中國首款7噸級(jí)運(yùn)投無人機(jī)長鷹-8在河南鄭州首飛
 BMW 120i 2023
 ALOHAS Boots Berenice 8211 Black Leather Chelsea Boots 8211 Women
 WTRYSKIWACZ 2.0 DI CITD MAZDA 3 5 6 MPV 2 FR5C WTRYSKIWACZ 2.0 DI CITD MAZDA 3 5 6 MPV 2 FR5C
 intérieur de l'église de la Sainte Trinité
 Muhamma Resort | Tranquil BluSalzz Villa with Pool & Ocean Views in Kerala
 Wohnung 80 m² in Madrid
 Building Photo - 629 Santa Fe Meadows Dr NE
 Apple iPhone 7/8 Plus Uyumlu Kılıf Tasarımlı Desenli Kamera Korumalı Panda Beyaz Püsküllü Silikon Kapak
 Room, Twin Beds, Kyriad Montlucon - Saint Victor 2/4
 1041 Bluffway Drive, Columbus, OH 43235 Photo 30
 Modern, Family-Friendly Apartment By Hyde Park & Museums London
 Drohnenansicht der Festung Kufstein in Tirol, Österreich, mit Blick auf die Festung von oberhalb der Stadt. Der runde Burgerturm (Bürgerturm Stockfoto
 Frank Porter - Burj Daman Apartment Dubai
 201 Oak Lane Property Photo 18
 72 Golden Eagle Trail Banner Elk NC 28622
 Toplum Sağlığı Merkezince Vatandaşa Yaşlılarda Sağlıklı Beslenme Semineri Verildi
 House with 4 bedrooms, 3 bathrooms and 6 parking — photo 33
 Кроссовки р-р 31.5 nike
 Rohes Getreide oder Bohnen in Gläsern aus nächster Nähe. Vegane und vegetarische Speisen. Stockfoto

━━━━━━━━━━

■ Task requirements: Reproduce exactly the lines running from the one with "Room, Twin Beds, Kyriad" to the last line of the listing above. Add nothing else.

■ Answer to the exercise:
 Room, Twin Beds, Kyriad Montlucon - Saint Victor 2/4
 1041 Bluffway Drive, Columbus, OH 43235 Photo 30
 Modern, Family-Friendly Apartment By Hyde Park & Museums London
 Drohnenansicht der Festung Kufstein in Tirol, Österreich, mit Blick auf die Festung von oberhalb der Stadt. Der runde Burgerturm (Bürgerturm Stockfoto
 Frank Porter - Burj Daman Apartment Dubai
 201 Oak Lane Property Photo 18
 72 Golden Eagle Trail Banner Elk NC 28622
 Toplum Sağlığı Merkezince Vatandaşa Yaşlılarda Sağlıklı Beslenme Semineri Verildi
 House with 4 bedrooms, 3 bathrooms and 6 parking — photo 33
 Кроссовки р-р 31.5 nike
 Rohes Getreide oder Bohnen in Gläsern aus nächster Nähe. Vegane und vegetarische Speisen. Stockfoto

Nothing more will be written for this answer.